Give again, unaltered, the lines of the listing below that run from the line having "投資開健身房的選址要求是什么?" through the line having "BIN's HOUSE _Chuyên".

Entries provided.
▽

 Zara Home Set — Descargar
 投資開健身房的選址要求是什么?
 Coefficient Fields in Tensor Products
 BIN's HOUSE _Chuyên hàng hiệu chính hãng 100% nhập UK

△
▽

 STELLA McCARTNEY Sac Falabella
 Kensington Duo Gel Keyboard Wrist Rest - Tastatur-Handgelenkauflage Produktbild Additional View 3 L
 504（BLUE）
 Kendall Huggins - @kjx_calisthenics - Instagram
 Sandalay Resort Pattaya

△

Result.
 投資開健身房的選址要求是什么?
 Coefficient Fields in Tensor Products
 BIN's HOUSE _Chuyên hàng hiệu chính hãng 100% nhập UK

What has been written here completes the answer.